Moving through Childhood
Additional disparities exist in the diagnosis of autism and other developmental disorders. Blacks followed by Hispanic children are diagnosed much later than peers, when intervention would have had better results earlier.4 In schools, African American children are more likely to be misclassified as needing special education. They do not receive services under I&RS (Intervention & Referral Services) prior to classification, do not receive as many services, or receive services for a shorter time. Black children are more likely to be sent to separate settings rather than the “least restrictive environment” required by the Individuals with Disabilities Education Act.5 The GAO (Government Accounting Office) Report showed that black children, especially boys, and students with disabilities are subjected to unequal disciplinary procedures. This also includes the inappropriate use of restraints, seclusion, and other aversive interventions, which result in injuries or even death.6
Adults and disparities
The Commonwealth Fund noted that the three main indicators of health were heart disease, breast cancer, and stroke. Although it is noted that longitudinally mortality rates decreased overall, the gap between black and white patients increased.7
A recent article in Health Affairs cited that the Covid-19 pandemic resulted in more than twice the mortality rates for black and Hispanic families.8 During the pandemic, recently the Washington Post article highlighted race and disability in Covid treatment. Visit the site: www.washingtonpost.com/health/2020/07/05/coronavirus-disability-death.

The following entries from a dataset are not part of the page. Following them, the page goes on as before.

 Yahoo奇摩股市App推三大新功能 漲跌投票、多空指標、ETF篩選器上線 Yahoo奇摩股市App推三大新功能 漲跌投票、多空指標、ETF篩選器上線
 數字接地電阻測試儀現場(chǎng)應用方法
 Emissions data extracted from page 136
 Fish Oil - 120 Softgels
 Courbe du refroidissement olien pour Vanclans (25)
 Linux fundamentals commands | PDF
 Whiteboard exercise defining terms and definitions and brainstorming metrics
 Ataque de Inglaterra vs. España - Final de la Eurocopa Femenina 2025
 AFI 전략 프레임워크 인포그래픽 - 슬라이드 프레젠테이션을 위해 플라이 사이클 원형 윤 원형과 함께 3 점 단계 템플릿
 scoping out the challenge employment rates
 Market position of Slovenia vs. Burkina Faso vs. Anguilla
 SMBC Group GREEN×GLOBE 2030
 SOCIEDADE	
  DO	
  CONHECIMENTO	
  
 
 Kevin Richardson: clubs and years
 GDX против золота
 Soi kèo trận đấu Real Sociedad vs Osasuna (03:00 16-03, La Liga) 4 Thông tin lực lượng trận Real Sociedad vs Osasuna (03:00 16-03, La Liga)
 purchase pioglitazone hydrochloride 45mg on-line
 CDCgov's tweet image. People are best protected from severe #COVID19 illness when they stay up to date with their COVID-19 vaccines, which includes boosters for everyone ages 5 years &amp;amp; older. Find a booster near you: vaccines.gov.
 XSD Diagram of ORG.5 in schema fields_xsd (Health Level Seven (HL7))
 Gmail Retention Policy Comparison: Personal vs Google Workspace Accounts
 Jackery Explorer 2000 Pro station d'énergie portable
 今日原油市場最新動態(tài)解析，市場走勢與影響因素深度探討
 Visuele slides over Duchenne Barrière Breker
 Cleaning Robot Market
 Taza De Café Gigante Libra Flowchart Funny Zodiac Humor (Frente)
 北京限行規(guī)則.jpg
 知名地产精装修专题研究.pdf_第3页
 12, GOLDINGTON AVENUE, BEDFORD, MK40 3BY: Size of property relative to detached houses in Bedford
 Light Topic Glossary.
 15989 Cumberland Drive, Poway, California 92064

The National Council on Disability issued a statement on the passing of an African American man who was denied care due to his disability perceived as lacking “quality of life”.9 There is discrimination in consideration for organ transplants based on race,10 sex, age, and disability.11 Lastly, even for palliative or end-of-life care, including hospice, there are disparities.12
Pulling it all together: Social Determinants of Health
The upshot of all this is that disparities can occur literally from birth to death. One consideration that adversely affects health disparities are the Social Determinants of Health. Besides access to health care, other factors affecting health include “socioeconomic status, education, neighborhood and physical environment, employment, and social support networks”.13 The American Academy of Pediatrics recently recognized the importance of these factors particularly affecting children with special needs. In addition, children and adults with intellectual or developmental disabilities have been recognized as an underserved population affected by health disparities. Various studies have shown that expectations and bias affect outcomes.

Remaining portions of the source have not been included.